## Work order
Your job with the data below: print everything from the line that holds "BUTİMAR'S iPhone 12" down to the line that holds "Volcanic Eruption with Purple Lightning", ends included, exactly, and nothing else.

## Information shown

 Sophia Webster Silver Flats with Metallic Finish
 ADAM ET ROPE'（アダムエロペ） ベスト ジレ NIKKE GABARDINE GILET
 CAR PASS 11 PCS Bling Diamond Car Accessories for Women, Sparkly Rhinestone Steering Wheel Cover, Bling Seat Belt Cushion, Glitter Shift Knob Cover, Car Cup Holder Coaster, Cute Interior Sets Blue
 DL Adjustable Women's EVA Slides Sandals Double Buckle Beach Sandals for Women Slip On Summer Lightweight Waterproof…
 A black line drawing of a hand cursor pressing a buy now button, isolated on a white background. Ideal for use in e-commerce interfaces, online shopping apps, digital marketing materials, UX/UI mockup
...
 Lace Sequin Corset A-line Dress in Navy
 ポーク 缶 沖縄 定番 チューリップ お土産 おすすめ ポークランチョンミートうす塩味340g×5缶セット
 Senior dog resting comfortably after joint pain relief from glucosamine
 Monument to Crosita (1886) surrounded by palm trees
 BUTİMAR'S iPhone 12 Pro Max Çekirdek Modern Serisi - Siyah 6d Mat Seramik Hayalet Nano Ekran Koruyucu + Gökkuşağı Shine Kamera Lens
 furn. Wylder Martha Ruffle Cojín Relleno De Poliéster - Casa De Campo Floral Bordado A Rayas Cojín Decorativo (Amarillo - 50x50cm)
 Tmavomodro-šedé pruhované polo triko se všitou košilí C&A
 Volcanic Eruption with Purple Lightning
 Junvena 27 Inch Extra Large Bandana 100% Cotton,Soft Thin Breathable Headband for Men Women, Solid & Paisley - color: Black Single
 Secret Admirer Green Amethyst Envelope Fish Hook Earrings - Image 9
---
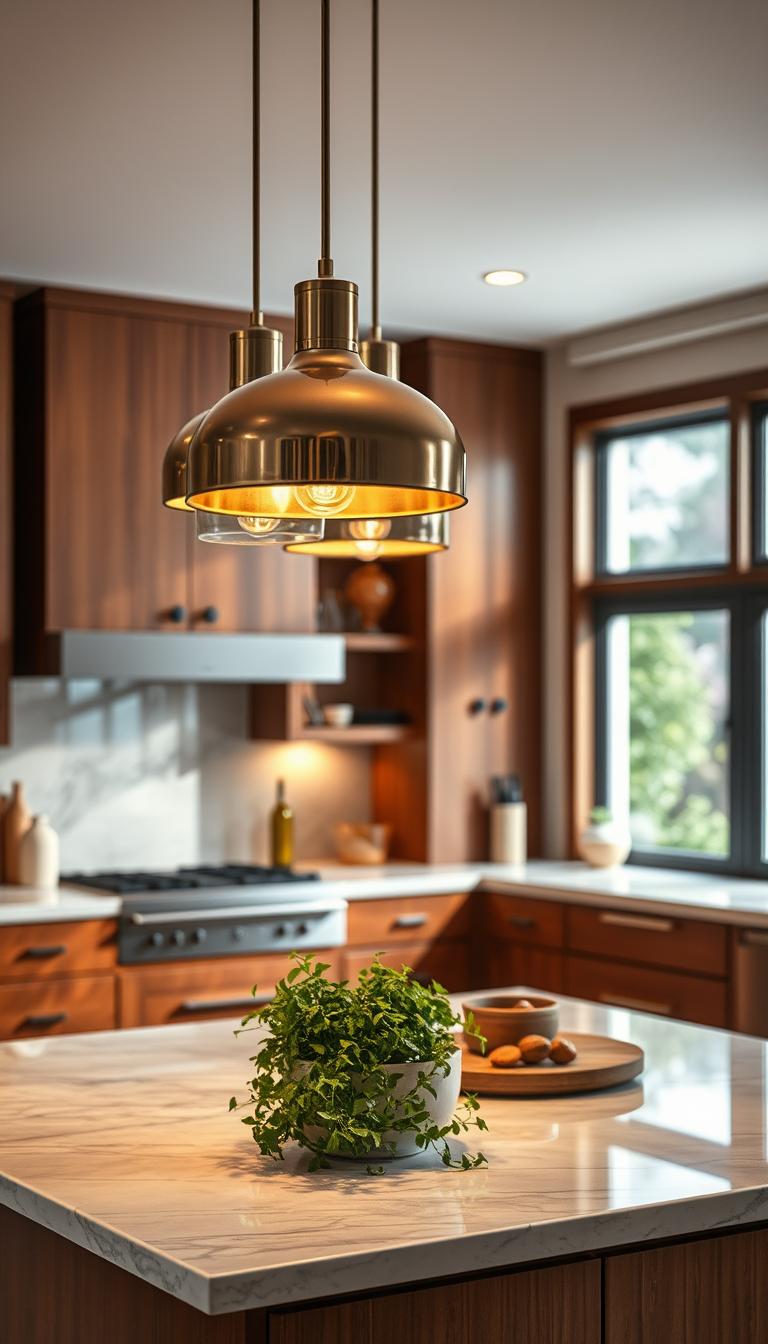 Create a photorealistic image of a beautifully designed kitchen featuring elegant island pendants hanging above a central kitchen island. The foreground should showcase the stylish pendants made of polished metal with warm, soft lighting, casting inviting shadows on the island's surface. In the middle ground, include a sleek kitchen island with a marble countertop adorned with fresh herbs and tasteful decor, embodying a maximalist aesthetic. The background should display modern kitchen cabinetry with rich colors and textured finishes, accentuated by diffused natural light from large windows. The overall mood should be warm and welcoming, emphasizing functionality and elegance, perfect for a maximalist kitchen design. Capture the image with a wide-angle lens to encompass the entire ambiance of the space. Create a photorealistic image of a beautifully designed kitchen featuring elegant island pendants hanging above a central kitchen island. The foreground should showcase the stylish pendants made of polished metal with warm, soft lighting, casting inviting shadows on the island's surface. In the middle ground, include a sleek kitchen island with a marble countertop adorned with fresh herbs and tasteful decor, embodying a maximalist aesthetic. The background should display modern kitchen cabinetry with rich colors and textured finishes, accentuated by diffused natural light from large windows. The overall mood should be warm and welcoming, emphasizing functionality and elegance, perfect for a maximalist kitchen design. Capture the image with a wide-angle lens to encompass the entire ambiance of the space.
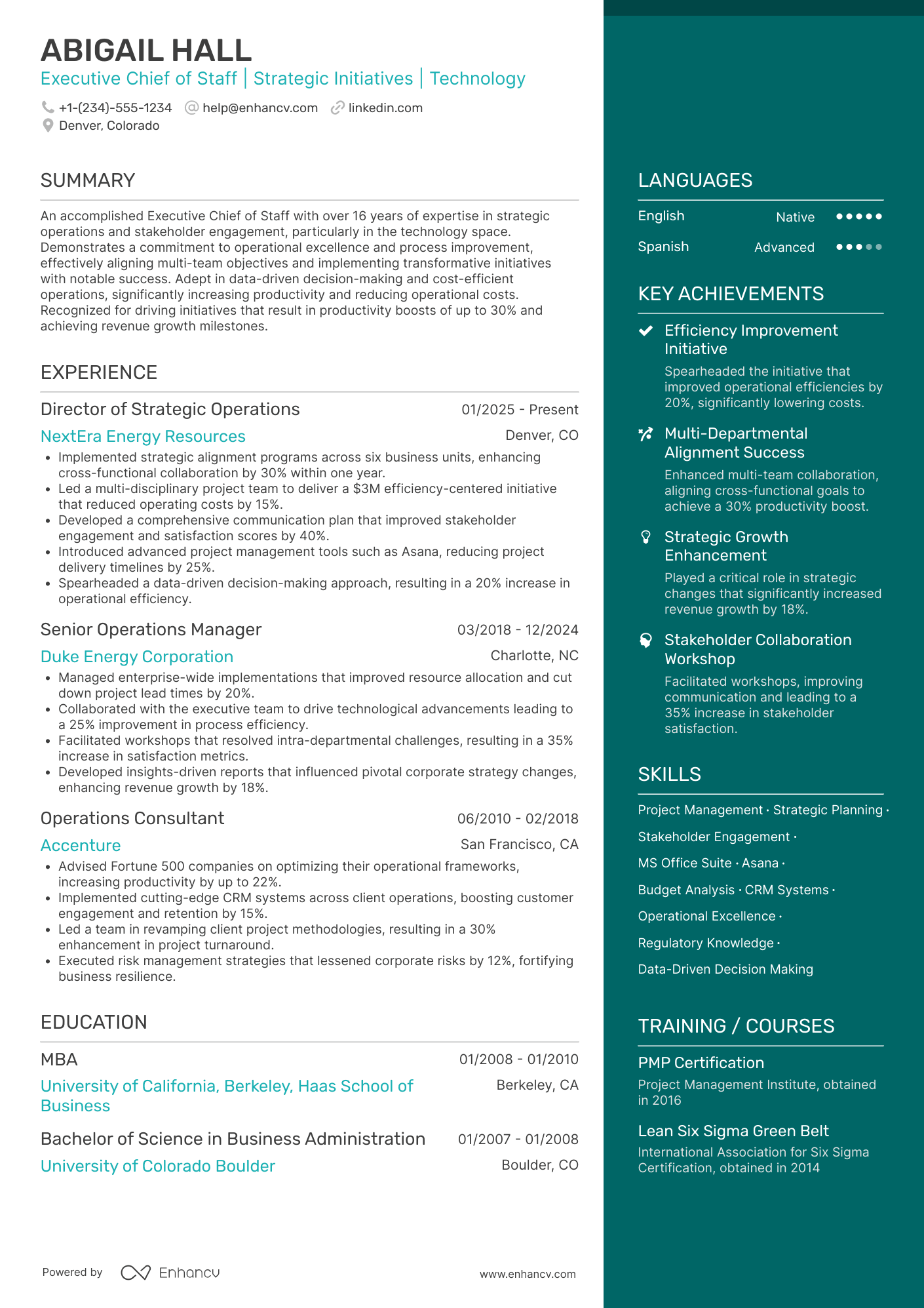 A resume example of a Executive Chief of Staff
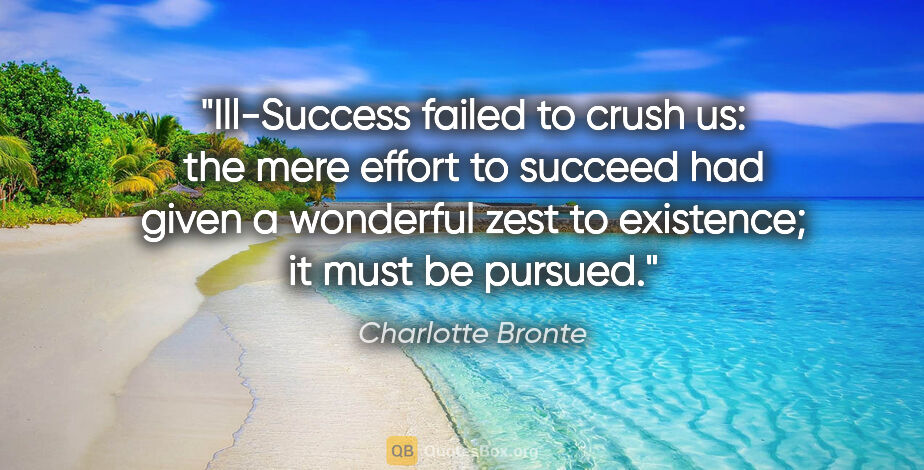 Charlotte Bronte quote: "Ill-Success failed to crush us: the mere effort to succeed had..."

## Task output
 BUTİMAR'S iPhone 12 Pro Max Çekirdek Modern Serisi - Siyah 6d Mat Seramik Hayalet Nano Ekran Koruyucu + Gökkuşağı Shine Kamera Lens
 furn. Wylder Martha Ruffle Cojín Relleno De Poliéster - Casa De Campo Floral Bordado A Rayas Cojín Decorativo (Amarillo - 50x50cm)
 Tmavomodro-šedé pruhované polo triko se všitou košilí C&A
 Volcanic Eruption with Purple Lightning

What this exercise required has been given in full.